It’s been a while since I had a candlelit soiree. There’s nothing better than a good homecooked meal with friends.

Food brings people together and puts a smile on their faces.

I planned a supper party last week, my debut since giving birth to Betsy.

It helps enormously when both parties can thoroughly understand the unfortunate timing babies have in regard to nappy changing. Our invited guests recently became new parents too. As we sat round our table, wine was flowing, candle flames sparkled in their holders, lights were dimmed, food was being thoroughly enjoyed; I even laid the table with proper cotton napkins. It was the perfect ambience for a a grown-up get together, until our babies wanted their respective parents’ attention. Suddenly the lights went back on and it became just like a toddler group.

So... there we were gathered around the table on a Saturday night, babies on laps singing “If you’re happy and you know it clap your hands”.

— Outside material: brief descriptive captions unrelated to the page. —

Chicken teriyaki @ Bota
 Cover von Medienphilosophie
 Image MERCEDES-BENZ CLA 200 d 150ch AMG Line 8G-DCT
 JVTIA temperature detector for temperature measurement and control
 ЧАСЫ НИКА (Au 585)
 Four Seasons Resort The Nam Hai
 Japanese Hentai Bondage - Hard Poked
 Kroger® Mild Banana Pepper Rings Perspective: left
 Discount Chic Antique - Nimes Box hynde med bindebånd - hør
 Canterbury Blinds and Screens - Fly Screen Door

I have tried to bring up my 19-year-old son to care about others – it’s a trait I deem important. He was a passenger in a friend’s car on Saturday and while heading up Botley Road towards Park End Street he heard a loud bang behind him. He immediately got out of the car and rushed to the aid of a young girl who had been knocked off her moped by a motorist. He called an ambulance and stayed with her until the emergency services attended.

I am very proud that my son isn’t someone who walks by a person in need but someone who does care enough to help, a value I respect so much in others.

I can’t remember the last time my husband and I had a day without the children, we even opted for a family honeymoon following our wedding last August so we decided that we would take two coinciding days off work to enjoy some child-free time together.

Things didn’t quite go to plan. Last Sunday night having prepared a comforting Tom Kerridge-inspired shoulder of lamb I did a fair bit of damage to a tooth on a crispy layer of boulangere potato.

Instead of dressing up for a day in the capital, like we’d planned, first thing Monday morning I was instead on the phone to my dentist begging for an emergency dental appointment which was granted. It was decided that we drop off Betsy with our childminder and steal away some time together ahead of the tooth doctor. It should have been a romantic couple of hours, living life on the edge – instead we spent the entire time immersed in a children’s clothes shop trying to make some important baby fashion decisions followed by the children’s section in a bookstore trying to make some equally important bedtime reading decisions (The Gruffalo vs Beauty and the Beast) before spoiling ourselves with a new casserole dish.

I suppose the overwhelming moral of this week’s story is that it is only when you have children you understand how much they change your life and fill every waking thought – nothing prepares you for it and there’s nothing to equal it.

I realise how incredibly fulfilled, happy and proud my children make me… every day.